Jyoti Devi, a Musahar from Barachatti in Gaya district, was an MLA in the last Nitish Kumar government. Put in an orphanage by her parents - poor, landless farmers - when she was just five in 1973, she learned farming at Bapu Gram. She was given three acres of Bhoodan land from the government, which she made cultivable in two decades by applying new techniques. Now about 300 Musahar families follow the technique in Bapu Gram and Sarvodyapuri, where land transfer to the landless happened under Bhoodan. The change in her constituency is visible. About a dozen boys have done their graduation and 10 villagers have been able to buy motorcycles; their children go to the middle school. And they are not bitten by rats anymore.

Gaya is one of the districts where Sister Sujita worked to organise collectives of women from marginalised communities under a national programme known as Mahila Samakhya in the nineties. The collectives did not lay down smart targets but emphasised the processes of empowerment based on decision making through Nari Adalats, Sanjeevani Kendras, and education through the Mahila Shikshan Kendras and Kasturba Gandhi Balika Vidyalayas. Education was linked with women coming together, discussing, reflecting, organising, analysing, and articulating their needs.

A study by Jyotsna Jha and Nivedita Menon from the Centre for Budget and Policy Studies reveals that the Mahila Samakhyas have improved women's ability to leave home without permission, changed power dynamics in the family, increased their political participation, reframed educational outcomes to much beyond literacy, delayed marriages, and improved immunisation rates as well as educational outcomes for girls in the community. It even has a spill-over effect in non-participating households, like community trust, increased parental awareness about school and education, women marrying later in these districts, diversification of their social networks and create relationships outside of caste and kinship networks, greatly enhancing social capital and contribution to community projects.
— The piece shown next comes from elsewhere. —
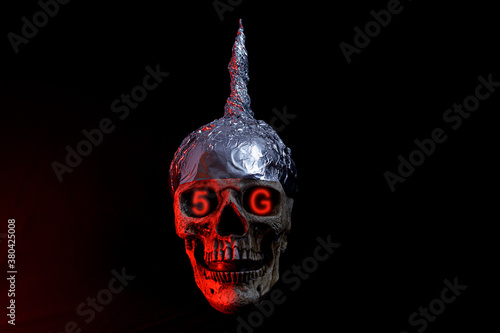 skull wearing a tinfoil hat 5g conspiracy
In fact, Mahila Samakhya laid the ground for some of the successes of the pink schools, more meaningful participation of women in the panchayat system, and increased women in jobs and businesses in Bihar. While reservation and quotas have ensured access to governance structures, Mahila Samakhya has enabled effective use of that access. With this capacity, empowerment programmes often get captured by brokers.

The Bihar government has set its mind to empowering women with missionary zeal. Jeevika, a livelihood programme tied to micro-credit, is their main tool. Right now the programme is showing great impact in terms of loan amount disbursed and number of bank accounts opened. But without overall empowerment of women which includes self-esteem, critical and innovative thinking, social and friendship networks, education beyond literacy, the Jeevika programme could very well force women into debt bondage and suicide like the farmers of Andhra Pradesh and Maharashtra.

The massive farmer suicides in the two states was a result of creating a structure that gave power to credit companies rather than to the farmers, built a model that was based on credit not savings, and established women's associations known as self-help groups that were built around money not solidarity. Social capital was destroyed by the formation of the self-help group and when farmers could not repay the loan they had no community cushion to fall back on.

Bihar is famous for its social justice approach. Ela Bhatt has organised women to generate capital from their own savings. Sewa is now the largest trade union in the world with 16 million female members. Md Yunus on the other hand has simply monetised credit to the poor. Impact assessments show that Ela Ben's approach also creates social empowerment and sustainable prosperity, whereas Yunus always has to depend on foreign donors and outside investments to keep cash flows going.

Perhaps Bihar could marry the collectivisation and empowerment approach of Mahila Samakhya with its Jeevika programme. After all, Sister Sujita is not far away. She lives and works in Patna.

♦ Ruchira Gupta is a feminist campaigner, writer, visiting professor at New York University, adviser to the UN, and founder of Indian anti-sex trafficking organisation Apne Aap Worldwide.